Article | Why sell something profitable? The dilemma of

It is not new that governments use successful public companies to leverage electoral campaigns and guarantee a seat in the Legislative and Executive branches throughout Brazil. President Jair Bolsonaro’s case with Caixa Econômica Federal is emblematic and deserves attention due to the contradiction in his actions.

Caixa is a 100% public bank recognized as important, with market rules and regulations and which has had exceptional profits for the last 17 years. Excluding the BRL 5.5 billion advertised by the government as profit and which were, in fact, proceeds from the sale of Caixa Seguridade and Banco Pan – BRL 5.3 billion were, in fact, the company’s profit in the first half of 2021.

This data is essential because it proves that the government’s strategy of appearing to be strengthening the bank, inflating profits with assets sold and then selling the most profitable subsidiaries.

:: Caixa makes 160 years at risk of privatization and with protests from employees ::

These maneuvers will, in fact, lead to the end of Caixa Econômica Federal, the bank responsible for the operationalization of public policies that make the populations of places historically abandoned by the public authorities to have some sigh of hope.

The privatist adventure of Paulo Guedes and his gang doesn’t make any sense at all when we talk about Caixa. Even more so when the President of the Republic himself uses the Caixa numbers to try to win votes.

A few days ago, the Central Bank granted operating authorization to Caixa Distribuidora de Bonds e Valores Mobiliarios (DTVM). The news should be celebrated by all Brazilians if it weren’t for the unintelligent plan announced by the bank’s president, Pedro Guimarães.

His idea is to transfer the assets of the asset and make the IPO (Initial Public Offering of shares) of the business in early 2022, selling one of the most strategic parts of the bank, which posted a profit of R$ 2, 1 billion in 2020.

:: Basic income is only possible because “they haven’t privatized everything yet”, says Tereza Campello ::

Can you imagine a private bank doing this kind of business: selling something profitable? It’s the exact opposite of what the market does.

When a bank creates a subsidiary and this new company makes a profit, it invests even more in this project. But the Bolsonaro government is moving to sell off the best assets. This action may seem harmless, a form of bank modernization that will not affect many people’s lives. Is not true.

Caixa is in charge of the Employee Severance Indemnity Fund (FGTS). Without it, millions of Brazilians would be unprotected during economic crises.

In the extreme case, as we are living with covid-19, only Caixa, a public bank, would be able – as it is – to “run” the entire country and bring emergency aid and other social benefits to more than half of the Brazilian population. Not to mention housing and sanitation projects, issues that the private sector does not usually attach much importance to.

Little by little, the government is dismantling Caixa.
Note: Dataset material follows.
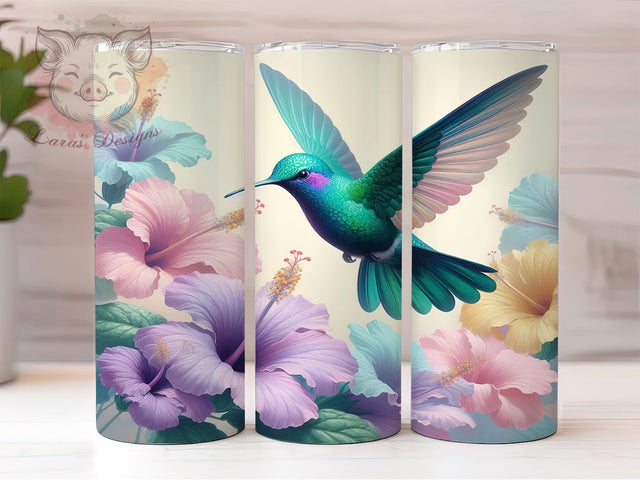 Spring Hummingbird Floral Tumbler Wrap, Spring Flower Tumbler, Nature Lover Gift, Hummingbird Pattern Cup, Botanical Art Wrap, Floral Garden Design, Bird Lover Drinkware Sublimation Lara' s Designs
Caixa Seguridade’s IPO in early 2021 raised awareness about how the sale of the bank’s important arms could compromise the institution’s future performance and, therefore, put at risk dozens of historic social programs – which have changed their face. in Brazil through income transfer, job creation, access to home ownership and education, among others.

The same can happen with Caixa DTVM, which was created with the promise of opening to the market. And also with Caixa Cards, Caixa Loterias and the not yet officially created Banco Digital, which are the next subsidiaries in the sights of Pedro Guimarães and Bolsonaro.
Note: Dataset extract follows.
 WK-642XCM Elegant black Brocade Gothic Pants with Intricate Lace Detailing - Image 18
These ill-advised decisions in the privatization booklet are already bringing losses to Brazil — weakening Caixa and, consequently, social programs. This is a totally wrong step for those who intend to use the bank to gain votes and, at the same time, prepare the sale of other subsidiaries.

To compensate for the lack of resources generated by the profitable areas of public companies that have been sold, the government mistakenly adopts countercyclical measures at the expense of the population, such as releasing the FGTS to pay debts and encourage consumption, creating a credit line for beneficiaries of social programs, rather than expanding emergency aid.

Even the lines of credit for small and medium-sized companies – such as the National Program to Support Micro and Small Businesses (Pronampe), which should have easier access for the segment – have been used as a political bargaining chip.

This is a real dilemma. If society does not mobilize, this could be the fatal blow to Caixa, making our country one of the few potential “economic giants” that renounced the privilege of having a strong public bank capable of mobilizing a nation of continental dimensions.

A bank that has already proven to be essential and that can contribute even more to reducing the enormous and absurd social inequality that shames us so much and that needs to be resolved.

*Sergio Takemoto is president of the National Federation of Personnel Associations of Caixa Econômica Federal (Fenae)

** This is an opinion piece. The author’s vision does not necessarily express the editorial line of the newspaper Brasil de Fato.